Grace Pesticcio


My research is supervised by William Flynn, Lecturer in Medieval Latin, and Julia Barrow, Professor in Medieval Studies at Leeds.

I completed a BA(hons) in English Language and Literature at the University of Leeds in 2018, in which I wrote a dissertation on the intersection of gendered bodies and power within medieval fabliaux and romance narratives. I then earned a Distinction-level MA in Medieval Studies in the Institute for Medieval Studies (IMS) at Leeds in 2019, in which I wrote a dissertation entitled: ‘Virgin, Bride, and Martyr: Gendering St Agnes of Rome in Passio Sanctae Agnetis, the Liber Peristephanon, and Two Fifteenth-Century Liturgical Sequences’. I received the Mr Robert L Thomson prize for Best Overall Performance in MA Medieval Studies and Medieval History for my MA.

Conference Papers

I delivered a paper at the 2019 Medieval and Early Modern Studies Symposium ‘Sex and Gender Politics’ at Northumbria University. The paper was entitled ‘Violence, Gender, and Performance in Passio Perpetuae et Felicitatis’.

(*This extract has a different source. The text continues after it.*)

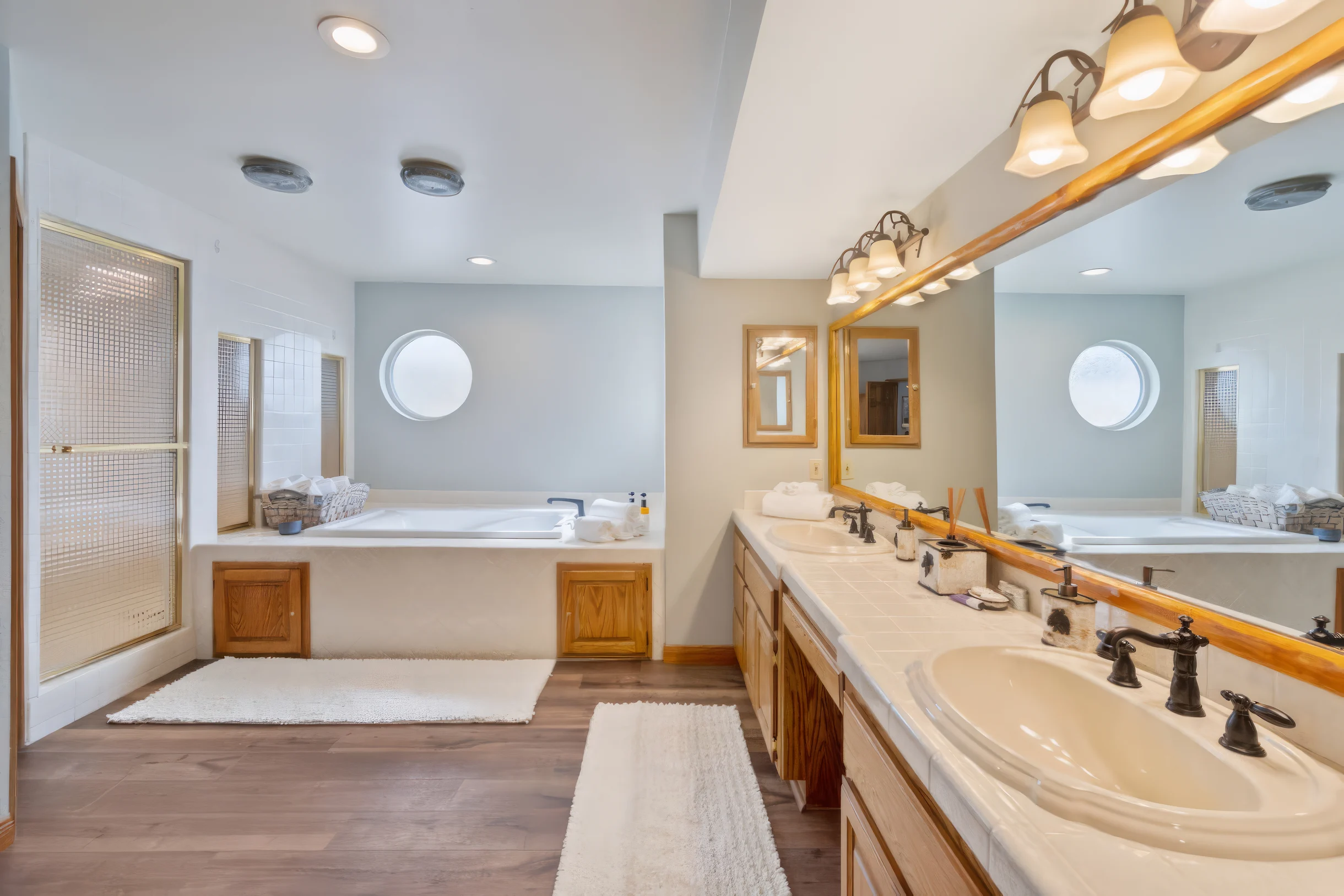Roaring Lion Luxury Lodge| Lake Views & Hot tub #18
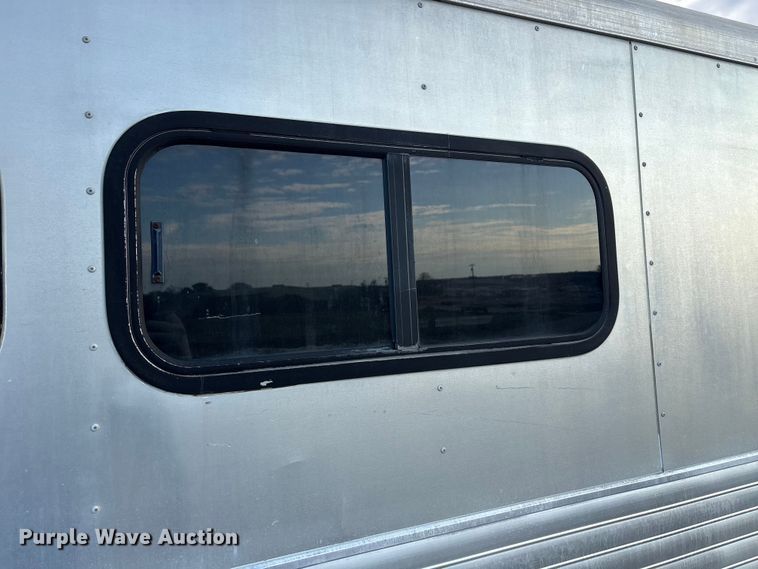 image for item EA7801 2001 Sundowner Trailer livestock trailer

I also delievered a paper at the 2020 Virtual International Medieval Congress based on my MA dissertation. The paper was entitled: ‘Gendering St Agnes of Rome in a Fifteenth-Century Sequence’.

Research interests

My current research looks at intersections of liturgy and community identity in the sequentiaries of Neuwerkskloster, an Augustinian convent in Erfurt, from 1300-1450. These sequentiaries are found in three surviving graduals from this convent.

I am interested in how women expressed their religious devotion, as communities, through liturgical sequences with a focus on gendered expression. I am particularly interested in how the sequences of Neuwerkskloster interpret the lives of local and patrom saints, how the sequentiaries conform or deviate with wider regional repertories (especially with male Augustinian houses), and how local saints are portrayed in comparison to widely venerated saints.

My research is interdisciplinary, combining manuscript study, poetic analyses of sequences, critical gender theory, and historical overview to produce a comprehensive case study on these sequentiaries.